[ACM] Where's Waldorf?
Background
Given an m by n grid of letters and a list of words, find the location in the grid at which the word can be found.
A word matches a straight, uninterrupted line of letters in the grid. A word can match the letters in the grid regardless of case (i.e., upper- and lowercase letters are to be treated as the same). The matching can be done in any of the eight horizontal, vertical, or diagonal directions through the grid.
Input
The input begins with a single positive integer on a line by itself indicating the number of cases, followed by a blank line. There is also a blank line between each two consecutive cases.
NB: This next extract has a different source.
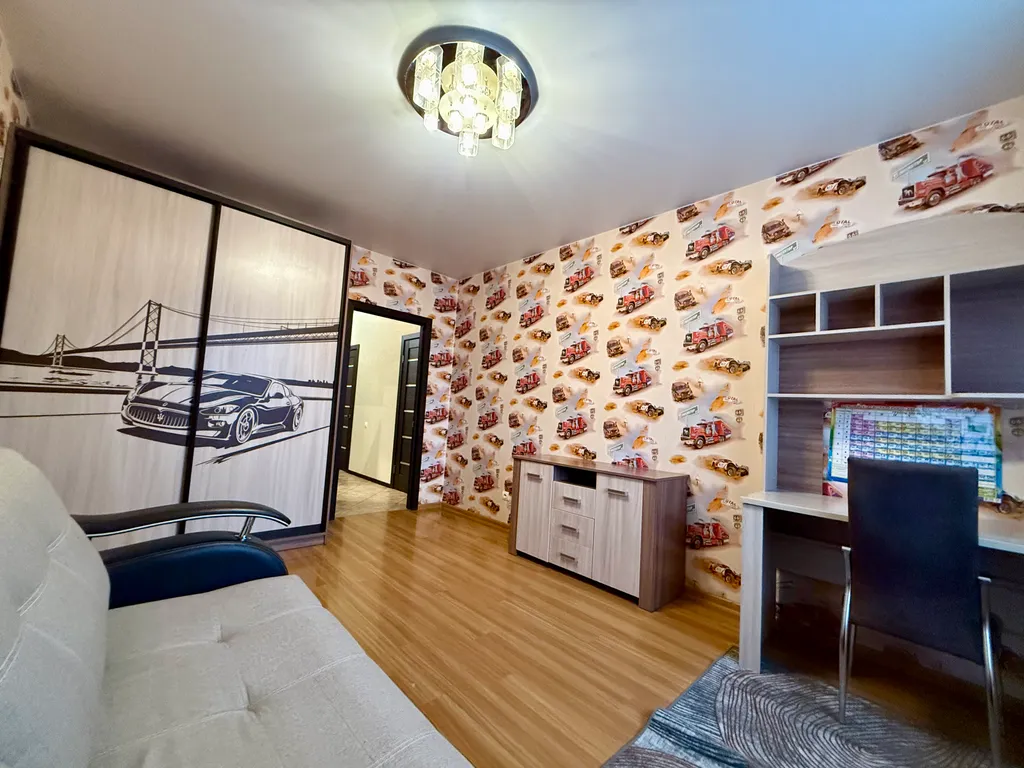 Уютная квартира в промышленном районе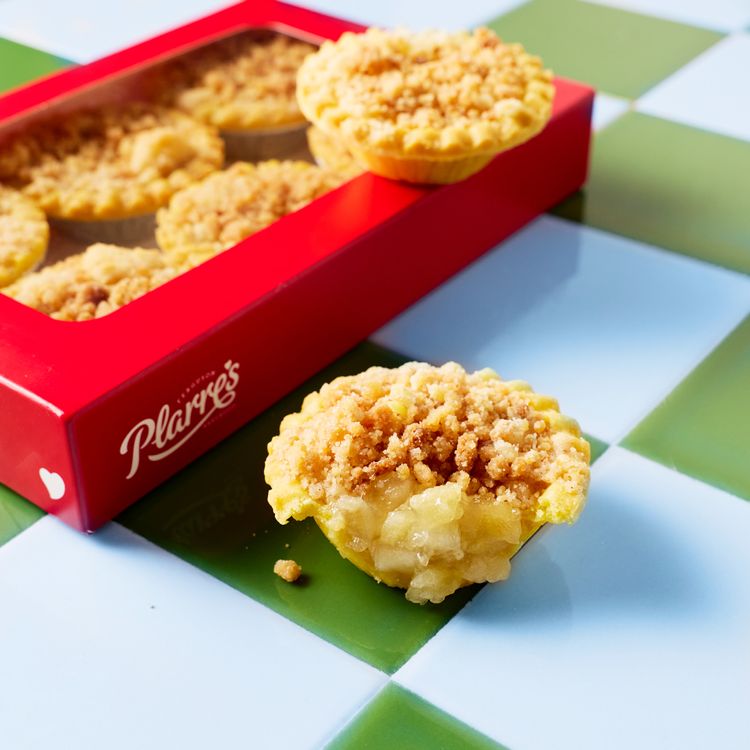Apple Crumble Tart - Pack of Six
Each case begins with a pair of integers m followed by n on a single line, where 1 ≤ m, n ≤ 50 in decimal notation. The next m lines contain n letters each, representing the grid of letters where the words must be found. The letters in the grid may be in upper- or lowercase. Following the grid of letters, another integer k appears on a line by itself (1 ≤ k ≤ 20). The next k lines of input contain the list of words to search for, one word per line. These words may contain upper- and lowercase letters only – no spaces, hyphens, or other non-alphabetic characters.
Output
For each word in each test case, output a pair of integers representing its location in the corresponding grid. The integers must be separated by a single space. The first integer is the line in the grid where the first letter of the given word can be found (1 represents the topmost line in the grid, and m represents the bottommost line). The second integer is the column in the grid where the first letter of the given word can be found (1 represents the leftmost column in the grid, and n represents the rightmost column in the grid). If a word can be found more than once in the grid, then output the location of the uppermost occurrence of the word (i.e., the occurrence which places the first letter of the word closest to the top of the grid). If two or more words are uppermost, output the leftmost of these occurrences. All words can be found at least once in the grid.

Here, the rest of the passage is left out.